Motherhood and priesthood can nurture each other, says Rosemary Lain-Priestley

IN THE late-winter sunshine, a group of female clergy gather in Salisbury Cathedral Close around Elisabeth Frink's sculpture The Walking Madonna. Tall, with powerful shoulders and focused gaze, the Madonna strides away from the Cathedral and towards the world.

Observing her closely, we are being led in a gently probing meditation about our own calling, wondering where God's momentum might prompt us to go. I have two thoughts, almost simultaneous: "Praying in this way touches the mystic in me," and "How can the Madonna have such a flat stomach when she was pregnant to full term at least once?"

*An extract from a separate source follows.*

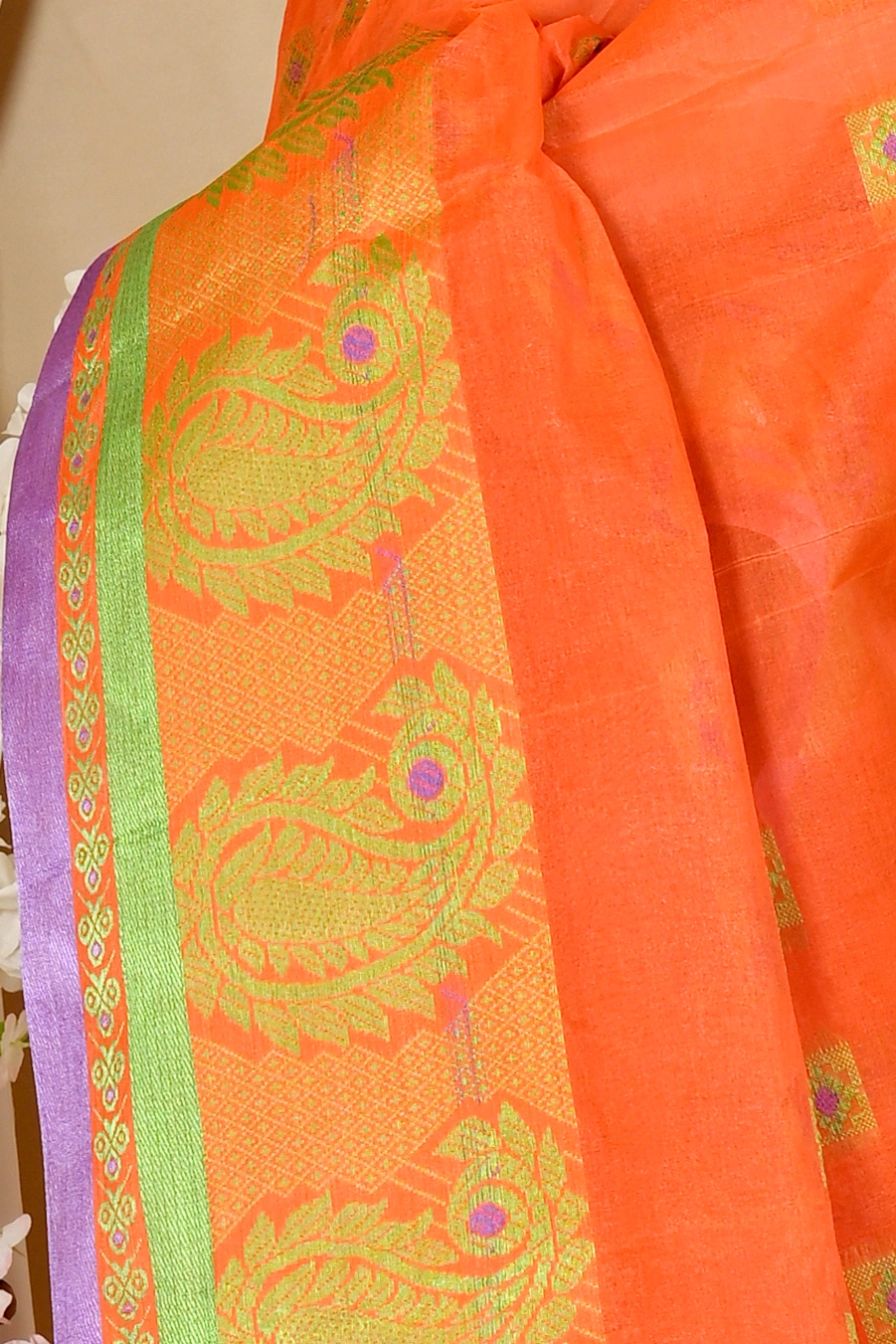 Orange Pure Cotton Aloka Tant Saree (907)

This blend of flesh and spirit, carnal and sacred, shapes my life. It grounds my exploration of God, and continually reminds me of the shocking truth of the incarnation. The (probably) teenage Mary carried God as foetus, and embryo, and then baby; and gave birth, just as I have, with all the mess and vulnerability which that entails.

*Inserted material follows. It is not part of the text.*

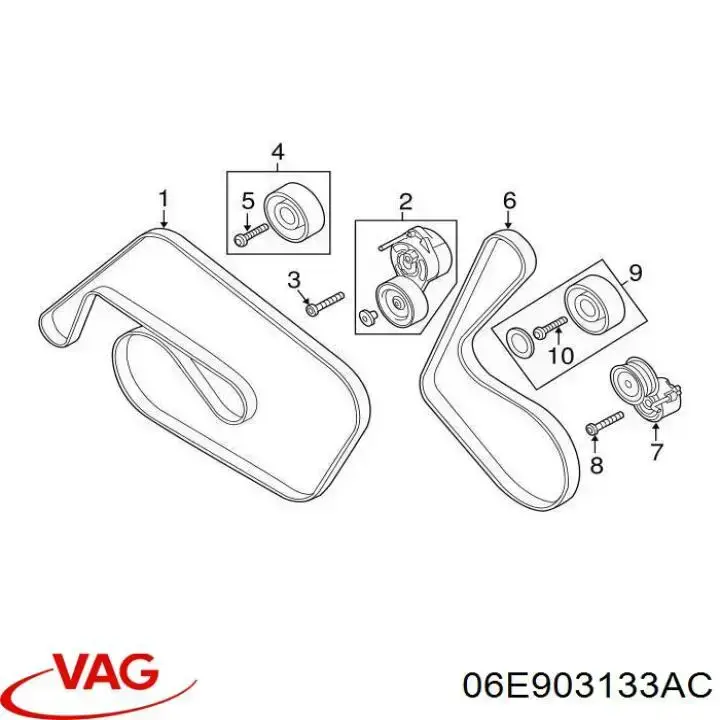 06E903133AC VAG Napinacz paska napędowego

Most human beings have more than one calling: to love certain people; to pay attention to particular issues; and, according to our gifts, experience, and passions, to take our part in the healing of the world. I was called to priesthood before marriage and parenting, but I have never accepted that our callings are arranged hierarchically. Some of my mother's generation of clergy wives, when asked "Will you marry me?" were in the same breath told "You must accept that the Church will always come first." But, for me, vocation is an experience of intertwining golden threads, and not the sacrifice of others on the altar of my determination to prove my commitment to God.

God does not ask of us anything that will damage those we love. What God does ask is that we bring the whole of ourselves to each of our callings.


WHAT do mothers bring to ordained ministry? Some of the same things as fathers, of course, although our culture has not always encouraged men to speak of them. The arrival of clergy who are also mothers has opened up new conversations and new theological ground.

To skim the surface of what childbearing has taught us, we bring knowledge of God as a risk-taker, learned through the risk of birth, and then what someone once described as "having your heart walk around outside your body for the rest of your life": the habit of continual reflection on the well-being of others, and our impact on them; reliance on God for our sense of self-worth, in the absence of title or paid position; and a deep awareness that, ultimately, we are not in control, encouraging continued reliance on the one who made and holds us.


THE question for church communities is whether they can embrace as a profound gift the experience of priests-who-are-mothers, coming as it does with implications for reasonable boundaries around availability and privacy; working patterns that might look a little different; or the blurring of domestic and sacred as a small child calls out "Mummy" to the woman behind the altar in the middle of the eucharist. Perhaps the key question is: can you allow us to bring to the altar all that we bring to the table?

The Revd Rosemary Lain-Priestley is Dean of Women's Ministry for the Two Cities Area of the diocese of London.